▸ Task prompt
This task calls for the lines below starting at the one containing "The Devil is White" and ending at the one containing "Crypto Seized: A Comprehensive Overview", repeated exactly with both ends kept and pictures left out.

▸ Data entries
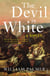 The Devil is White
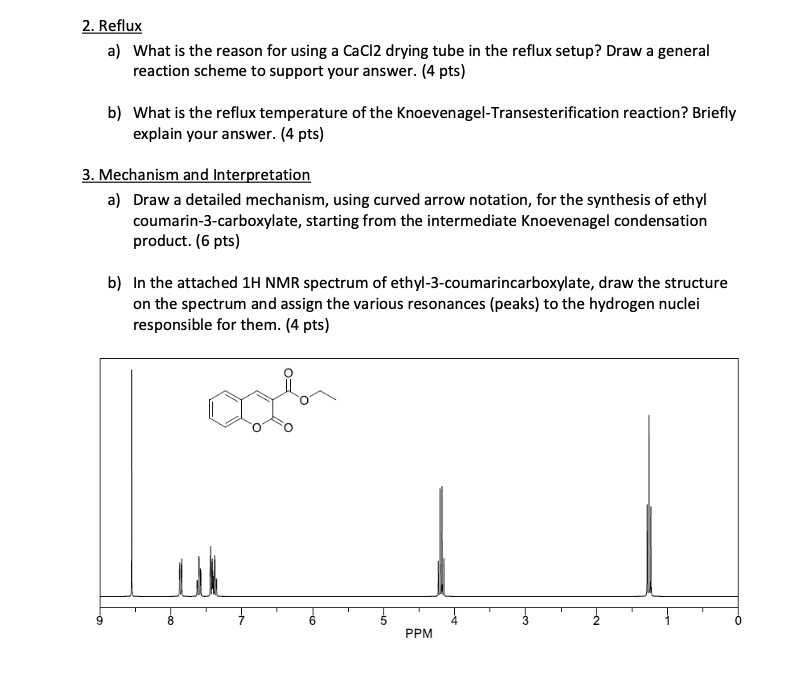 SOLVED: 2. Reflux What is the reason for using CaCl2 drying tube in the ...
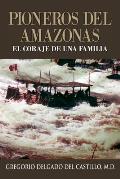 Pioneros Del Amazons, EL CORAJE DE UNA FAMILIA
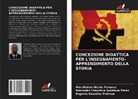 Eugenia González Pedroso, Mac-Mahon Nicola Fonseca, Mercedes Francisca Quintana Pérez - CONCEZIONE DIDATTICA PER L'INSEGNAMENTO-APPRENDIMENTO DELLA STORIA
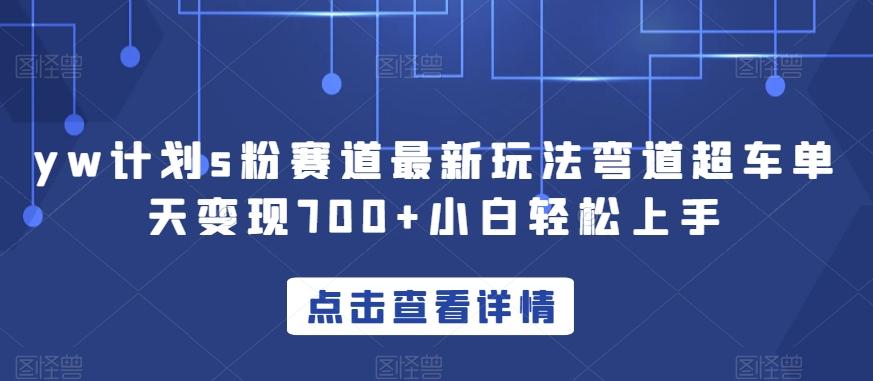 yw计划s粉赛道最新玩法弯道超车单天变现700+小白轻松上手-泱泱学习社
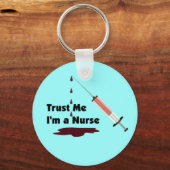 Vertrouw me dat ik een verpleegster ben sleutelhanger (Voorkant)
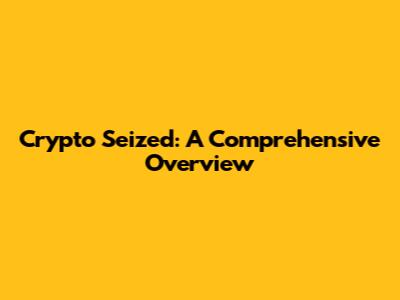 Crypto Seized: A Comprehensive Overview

...

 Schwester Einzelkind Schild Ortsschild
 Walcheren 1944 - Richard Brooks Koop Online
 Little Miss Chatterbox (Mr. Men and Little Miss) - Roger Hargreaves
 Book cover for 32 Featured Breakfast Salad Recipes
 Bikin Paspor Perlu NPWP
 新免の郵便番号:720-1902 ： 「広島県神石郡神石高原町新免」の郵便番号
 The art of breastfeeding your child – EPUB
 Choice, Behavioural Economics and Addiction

▸ Solution for this exercise
 The Devil is White
 SOLVED: 2. Reflux What is the reason for using CaCl2 drying tube in the ...
 Pioneros Del Amazons, EL CORAJE DE UNA FAMILIA
 Eugenia González Pedroso, Mac-Mahon Nicola Fonseca, Mercedes Francisca Quintana Pérez - CONCEZIONE DIDATTICA PER L'INSEGNAMENTO-APPRENDIMENTO DELLA STORIA
 yw计划s粉赛道最新玩法弯道超车单天变现700+小白轻松上手-泱泱学习社
 Vertrouw me dat ik een verpleegster ben sleutelhanger (Voorkant)
 Crypto Seized: A Comprehensive Overview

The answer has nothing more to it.